La méthode : ANTICIPER et CO-CONSTRUIRE

Toute action d’urbanisme doit être précédée d’une analyse menée par des experts indépendants aidés par les habitants, experts de leur quotidien, pour prévoir au mieux ses impacts environnementaux globaux et les orienter dans un sens favorable.

Partir des besoins réels des habitants d’un quartier et des usagers d’un service, c’est non seulement prendre en compte l’avis des personnes, mais, c’est aussi garantir l’utilité sociale et environnementale d’un aménagement.

Parce que l’avenir de chacune et chacun est en jeu, quels que soient son âge, sa catégorie socio-professionnelle, son lieu de vie, nous vous exhortons à une concertation globale, et surtout une co-construction des projets avec les riverains pour le moindre aménagement dans leur quartier.

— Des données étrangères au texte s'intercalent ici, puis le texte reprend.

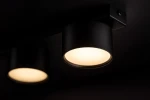 Cruz lampa sufitowa 4xGX53 w kolorze czarnym, z okrągłymi, matowymi kloszami emitującymi ciepłe światło. Ujęcie z boku, pokazujące dwa klosze zamontowane na prostokątnej podstawie. Tło ciemne, minimalistyczne.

Bien loin d’un malthusianisme latent auquel il serait faux de l’assimiler, notre démarche vise un urbanisme conçu pour le bien de tous, dense en échanges immatériels, mais réels, et intense en partages humains.

Associations signataires :
Bien Vivre dans le quartier Larrey - Cayen Environnement - Comité de Quartier de la Montagne Sainte-Anne - Ensemble pour Chenôve - Les Amis des Hauts de Dijon - Les Ami-es des Jardins de l’Engrenage - Les Habitants de Mirande-Montmuzard-Université de Dijon (H2MU) - Les Riverains du Quartier de Larrey - Patrimoine Environnement Bourgogne Franche-Comté - Quétigny Environnement

avec le soutien de :
Collectif Montmuzard - Fédération Syndicale Unitaire 21 - France Nature Environnement Côte-d’Or - L’Atelier d’écologie politique "Penser les transitions" (université de Bourgogne) - Les Amis de la Terre Côte-d’Or - Union syndicale Solidaires 21 - ATTAC 21 - Bien vivre aux Marronniers et environs - Les Ami-es des Lentillères.